The Harvest distribution contains several examples of how to configure, customize, and run Gatherers. This section will walk you through several example Gatherers. The goal is to give you a sense of what you can do with a Gatherer and how to do it. You needn't work through all of the examples; each is instructive in its own right.
To use the Gatherer examples, you need the Harvest binary directory in your path, and HARVEST_HOME defined. For example:
% setenv HARVEST_HOME /usr/local/harvest
% set path = ($HARVEST_HOME/bin $path)
This example is a simple Gatherer that uses the default customizations. The only work that the user does to configure this Gatherer is to specify the list of URLs from which to gather (see Section The Gatherer).
To run this example, type:
% cd $HARVEST_HOME/gatherers/example-1
% ./RunGatherer
To view the configuration file for this Gatherer, look at example-1.cf. The first few lines are variables that specify some local information about the Gatherer (see Section Setting variables in the Gatherer configuration file). For example, each content summary will contain the name of the Gatherer (Gatherer-Name) that generated it. The port number (Gatherer-Port) that will be used to export the indexing information, as is the directory that contains the Gatherer (Top-Directory). Notice that there is one RootNode URL and one LeafNode URL.
After the Gatherer has finished, it will start up the Gatherer daemon which will export the content summaries.

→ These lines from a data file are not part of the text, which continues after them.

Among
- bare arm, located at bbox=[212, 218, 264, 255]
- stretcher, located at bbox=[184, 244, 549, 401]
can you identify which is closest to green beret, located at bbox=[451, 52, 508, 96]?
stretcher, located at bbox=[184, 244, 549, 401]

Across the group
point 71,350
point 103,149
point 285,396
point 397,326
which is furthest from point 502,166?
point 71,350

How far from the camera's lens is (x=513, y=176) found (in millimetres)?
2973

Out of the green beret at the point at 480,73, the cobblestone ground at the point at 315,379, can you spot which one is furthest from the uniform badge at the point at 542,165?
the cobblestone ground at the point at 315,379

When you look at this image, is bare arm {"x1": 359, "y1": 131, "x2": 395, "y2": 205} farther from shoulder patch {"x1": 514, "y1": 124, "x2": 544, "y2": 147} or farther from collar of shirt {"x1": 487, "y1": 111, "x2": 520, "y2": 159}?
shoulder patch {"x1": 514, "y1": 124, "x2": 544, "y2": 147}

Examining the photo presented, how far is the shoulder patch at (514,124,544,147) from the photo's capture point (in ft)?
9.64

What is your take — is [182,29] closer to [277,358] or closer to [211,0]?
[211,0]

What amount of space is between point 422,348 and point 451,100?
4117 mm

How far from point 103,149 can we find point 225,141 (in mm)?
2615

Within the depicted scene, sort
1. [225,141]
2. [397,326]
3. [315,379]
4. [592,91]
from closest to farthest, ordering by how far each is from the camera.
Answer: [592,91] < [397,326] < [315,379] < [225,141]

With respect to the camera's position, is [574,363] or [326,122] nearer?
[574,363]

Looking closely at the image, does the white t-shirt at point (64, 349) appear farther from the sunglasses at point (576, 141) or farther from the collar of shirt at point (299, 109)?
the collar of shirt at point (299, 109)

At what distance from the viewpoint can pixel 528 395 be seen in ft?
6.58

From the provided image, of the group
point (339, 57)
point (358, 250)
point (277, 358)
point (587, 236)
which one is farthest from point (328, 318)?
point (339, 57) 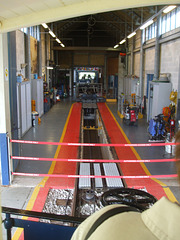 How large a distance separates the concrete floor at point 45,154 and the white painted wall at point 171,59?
10.3ft

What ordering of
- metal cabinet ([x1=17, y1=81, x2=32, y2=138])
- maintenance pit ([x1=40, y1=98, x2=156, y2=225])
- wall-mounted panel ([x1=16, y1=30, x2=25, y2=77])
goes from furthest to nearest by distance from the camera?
1. wall-mounted panel ([x1=16, y1=30, x2=25, y2=77])
2. metal cabinet ([x1=17, y1=81, x2=32, y2=138])
3. maintenance pit ([x1=40, y1=98, x2=156, y2=225])

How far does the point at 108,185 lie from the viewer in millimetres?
6395

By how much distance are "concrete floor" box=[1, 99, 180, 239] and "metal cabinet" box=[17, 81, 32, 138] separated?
1.29ft

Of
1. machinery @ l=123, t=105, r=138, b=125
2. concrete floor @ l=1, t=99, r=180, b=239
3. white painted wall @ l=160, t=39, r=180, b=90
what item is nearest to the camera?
concrete floor @ l=1, t=99, r=180, b=239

To view the content summaries, type:
% gather localhost 9111 | more
The following SOIF object should look similar to those that this Gatherer generates.
@FILE { http://harvest.cs.colorado.edu/~schwartz/IRTF.html
Time-to-Live{7}: 9676800
Last-Modification-Time{1}: 0
Refresh-Rate{7}: 2419200
Gatherer-Name{25}: Example Gatherer Number 1
Gatherer-Host{22}: powell.cs.colorado.edu
Gatherer-Version{3}: 0.4
Update-Time{9}: 781478043
Type{4}: HTML
File-Size{4}: 2099
MD5{32}: c2fa35fd44a47634f39086652e879170
Partial-Text{151}: research problems
Mic Bowman
Peter Danzig
Udi Manber
Michael Schwartz
Darren Hardy
talk
talk
Harvest
talk
Advanced
Research Projects Agency
URL-References{628}:
ftp://ftp.cs.colorado.edu/pub/cs/techreports/schwartz/RD.ResearchProblems.Jour.ps.Z
ftp://grand.central.org/afs/transarc.com/public/mic/html/Bio.html
http://excalibur.usc.edu/people/danzig.html
http://glimpse.cs.arizona.edu:1994/udi.html
http://harvest.cs.colorado.edu/~schwartz/Home.html
http://harvest.cs.colorado.edu/~hardy/Home.html
ftp://ftp.cs.colorado.edu/pub/cs/misc/schwartz/HPCC94.Slides.ps.Z
ftp://ftp.cs.colorado.edu/pub/cs/misc/schwartz/HPC94.Slides.ps.Z
http://harvest.cs.colorado.edu/harvest/Home.html
ftp://ftp.cs.colorado.edu/pub/cs/misc/schwartz/IETF.Jul94.Slides.ps.Z
http://ftp.arpa.mil/ResearchAreas/NETS/Internet.html
Title{84}: IRTF Research Group on Resource Discovery
IRTF Research Group on Resource Discovery
Keywords{121}: advanced agency bowman danzig darren hardy harvest manber mic
michael peter problems projects research schwartz talk udi
}
Notice that although the Gatherer configuration file lists only 2 URLs (one in the RootNode section and one in the LeafNode section), there are more than 2 content summaries in the Gatherer's database. The Gatherer expanded the RootNode URL into dozens of LeafNode URLs by recursively extracting the links from the HTML file at the RootNode http://harvest.cs.colorado.edu/. Then, for each LeafNode given to the Gatherer, it generated a content summary for it as in the above example summary for http://harvest.cs.colorado.edu/~schwartz/IRTF.html.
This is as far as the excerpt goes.